Table of Contents
Cultural determinism and utilitarianism
Cultural determinism and utilitarianism
Ryan Schram
ANTH 1001: Introduction to anthropology
Wednesday, March 11, 2020 (Week 3)
Available at http://anthro.rschram.org/1001/2020/1.3.2
Required readings
Richard Borshay Lee “Eating Christmas in the Kalahari,” Natural History, December 1969.
Supplemental readings
Marshall Sahlins “The Original Affluent Society,” in Stone Age Economics (London: Routledge, 2017), 1–37, doi:10.4324/9781315184951.
The New York Times Styles section: Your source for forager-chic trends
Prepping is passé, learning bushcraft is hot. 🤮
Bowles, Nellie. 2020. “How to Prepare Now for the Complete End of the World.” The New York Times, March 6, 2020, sec. Style. https://www.nytimes.com/2020/03/05/style/rewilding-stone-age-bushcraft.html.
For the record, contemporary hunter-gatherer societies are not living cavemen, nor have they preserved a way of life from the past unchanged.
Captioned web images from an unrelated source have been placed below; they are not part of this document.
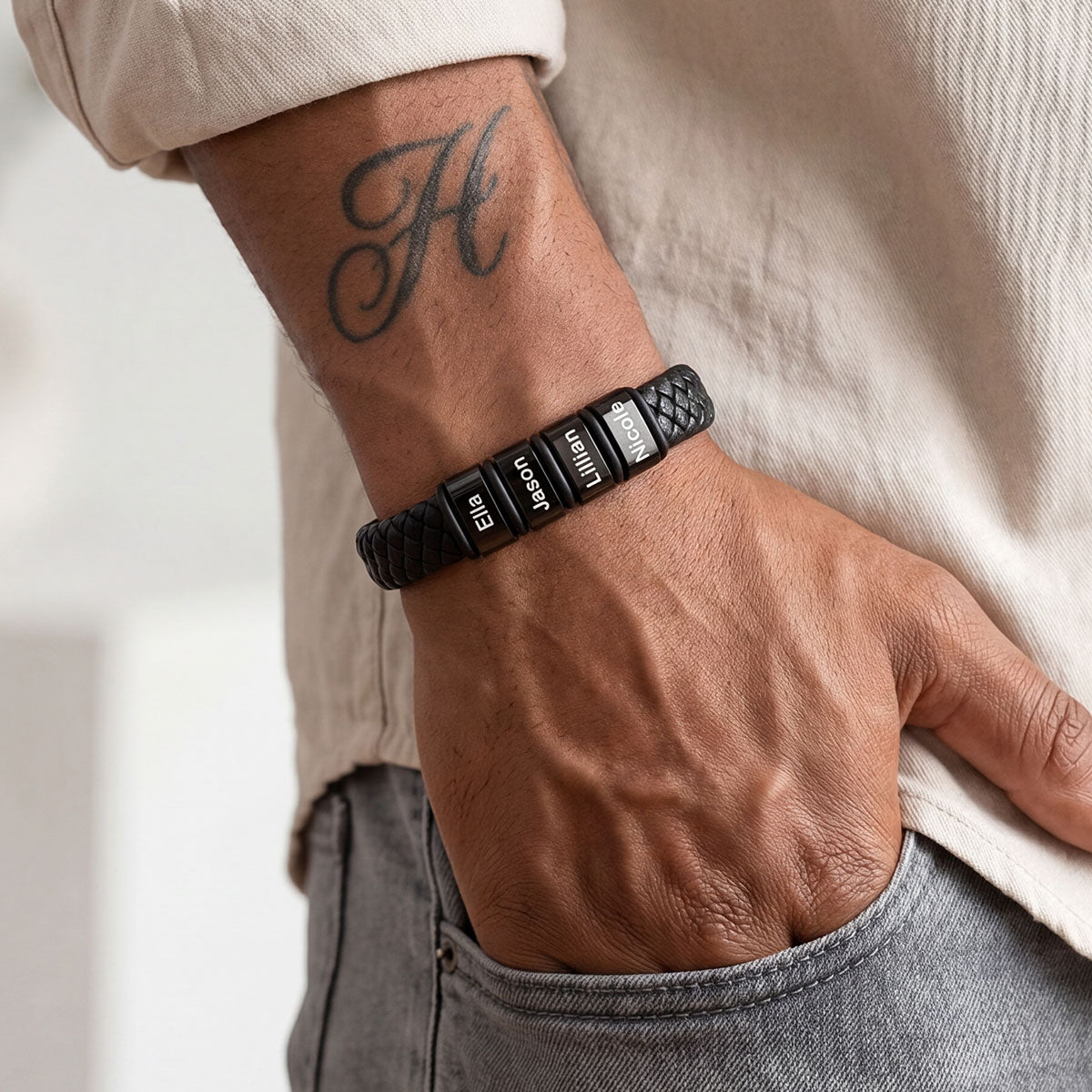 A Man Wearing Personalized Leather Braided Bracelet with Engraving Beads
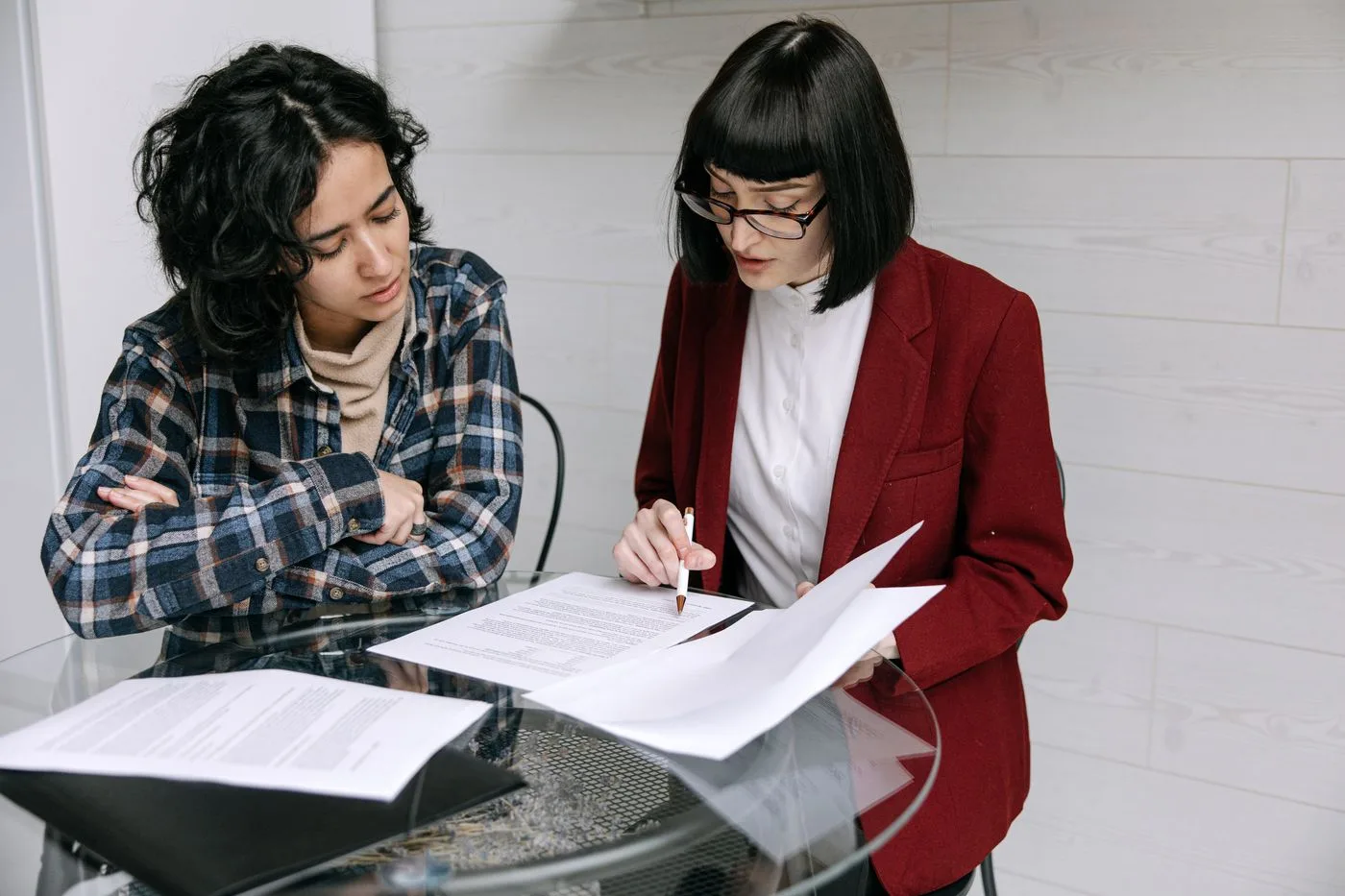 Dues persones revisant damunt la taula el contracte i els requisits del client gran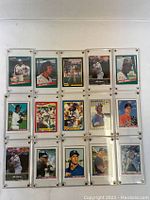 Photo of 15 MLB baseball player trading cards, front side, sleeved in plastic holders showing various players in batting, pitching, and posing stances.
Also, agriculture ≯ horticulture ≯ pastoralism ≯ foraging. These types of adaptation are not supposed to be ranked in either direction!
Closer to nature?
Contradictory stereotypes of foragers
- They’re starving; and they have a naturally healthy diet
- They forage and hunt because they don’t know how to do anything else; and they are in harmony with nature
The West’s favorite prop for any debate about life
- Hunter-gatherers are “our contemporary ancestors” (Some anthropologists say this about every indigenous society; viz. Chagnon (1983, 214)).
In other words, some people are closer to nature, to human nature, and to human origins.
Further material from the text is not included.